İlgi çekici bir diğer nokta ise verilerin TÜİK verileriyle uyuşmaması. Geçen yıl da benzer şekilde CIA'nın yayınladığı raporla TÜİK'in nüfus verileri farklı çıkmıştı. Bu durumda CIA'nın kendi verilerini ürettiği ve ölçümler yapıyor olduğunu tahmin etmek zor değil. Diğer yandan durumu haberleştiren egemen medyanın hiçbir yayın organında bu duruma dikkat çekilmemiş. Bu verilerle TÜİK'in yayınladıkları arasındaki farka değinilen haberlerde, esas sorulması gerekenlerin üzerine kum atılıyor.
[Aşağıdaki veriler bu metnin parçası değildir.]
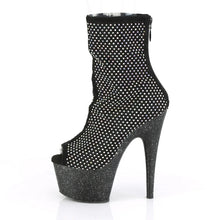 Load image into Gallery viewer, Tacones Pleaser ADORE-1031GM Negro Fabric Mate
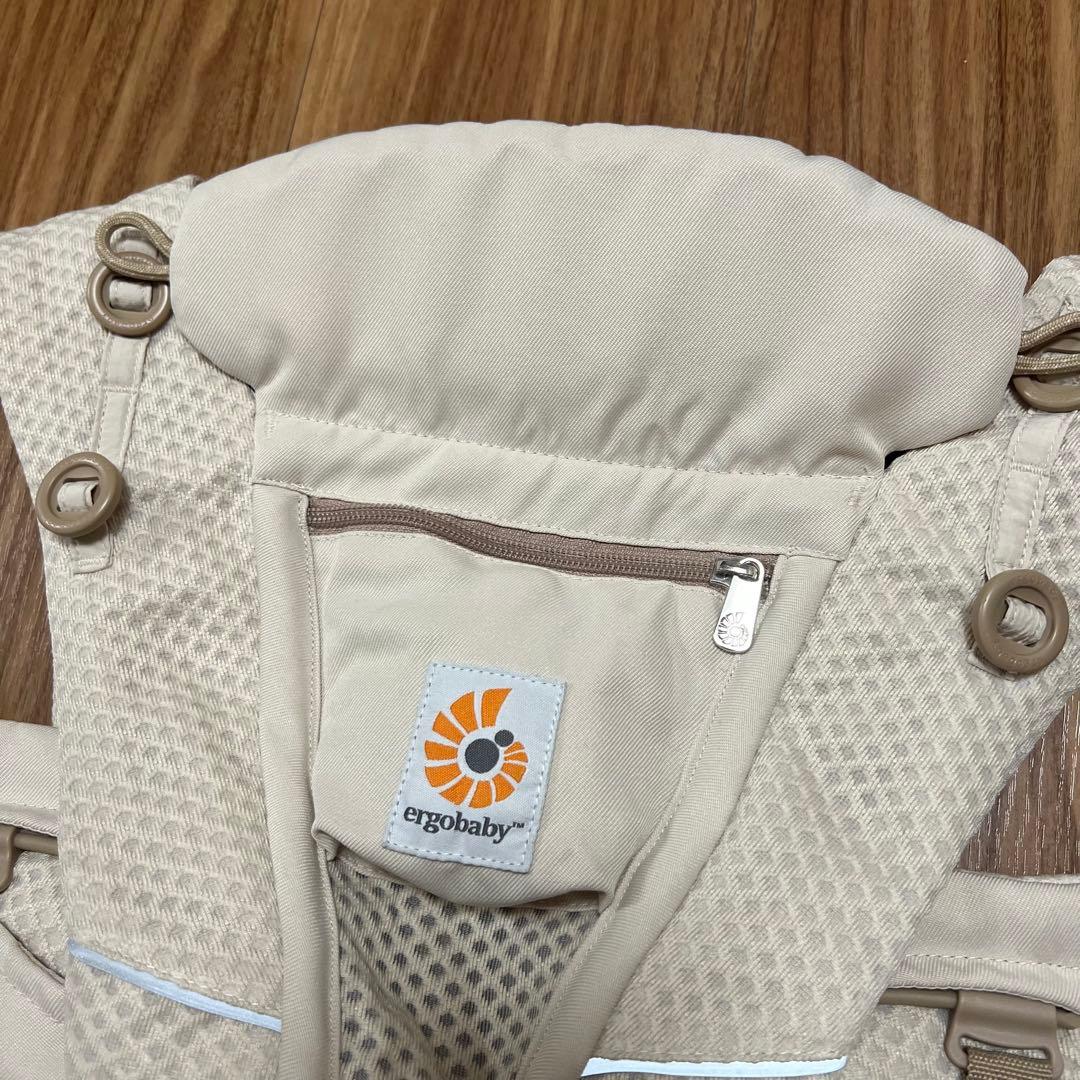 エルゴベビー オムニブリーズ OMNI Breeze 抱っこ紐
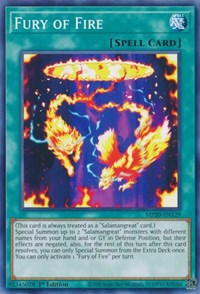 Fury of Fire [MP20-EN129] Common | Good Games Morley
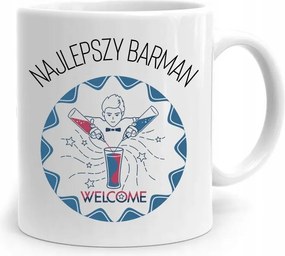 Ajándék Bögre Csaposnak Legjobb Csapos Welcome fényképes nyomtatással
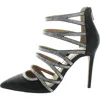 Jessica Simpson Parminda 2 Womens Strappy Man Made Pumps In Black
Türkiye'de yayınlanan istatistikler ne kadar güvenilir?
TÜİK'in yayınladığı istatistiklerin güvenilirliğinin bir süredir tartışma konusu olduğu biliniyor. Bunun yanında, AKP iktidarı boyunca çeşitli kurumlarca yayınlanan pek çok veri de tartışma konusu olmuştu. Bugüne kadar nüfus sayımından işsizliğe, enflasyondan diğer pek çok ekonomik veriye kadar yayınlanan istatistikler konusunda çeşitli tartışmalar ortaya çıkmıştı.
Bunlardan biri 12 Haziran 2011 genel seçimlerinde AKP'nin seçmen sayısının 10 milyon artacağını iddia etmesiydi. Nüfus istatistikleriyle açıklanması oldukça zor olan bu durum "seçmen sayılarıyla mı oynanıyor" sorusunu gündeme getirmiş, ancak ana akım medya konuyu sessizce geçiştirmişti. Oysa TÜİK'in 2007 nüfus verilerine göre 15-19 yaş arasında bulunanların sayısı 6 milyon civarındaydı. Ortaya çıkan 4 milyonluk fark, seçmen sayılarıyla oynandığı yönünde soru işaretlerine neden olmuştu.
Sendikalar kendi işsizlik verilerini yayınlıyor
Bir diğer tartışmalı konu işsizlik verileri. TÜİK'in yayınladığı işsizlik verilerinin, gerçek işsizliği eksik gösterdiğini savunan çeşitli sendikalar kendi istatistiklerini yayınlamayı tercih ediyor. Dün soL'da da yer alan bir habere göre TÜİK'in Mayıs 2012 için belirttiği yüzde 8,2 işsizlik oranı gerçek işsizliğiyansıtmıyor.
DİSK'in araştırma enstitüsü DİSK-AR, bir dizi gerekçeye dayandırarak gerçek işsizlik oranının yüzde 13,8 olduğunu ve işsiz sayısının TÜİK'in iddia ettiği gibi 2 milyon 272 bin değil 4 milyon 43 bin olduğunu açıklamıştı. Bu farkı yaratan temel nedenlerden birisi işsizlik tanımının daraltılması, bir diğeri ise işgücüne katılım oranının Türkiye'de düşük seyretmesi. Ekonomi konusunda yanıltıcı propagandalarıyla "istikrar ve büyüme" söylemine tutunan AKP hükümeti, açıklamalarını bu "eksikli" verilere dayandırıyor.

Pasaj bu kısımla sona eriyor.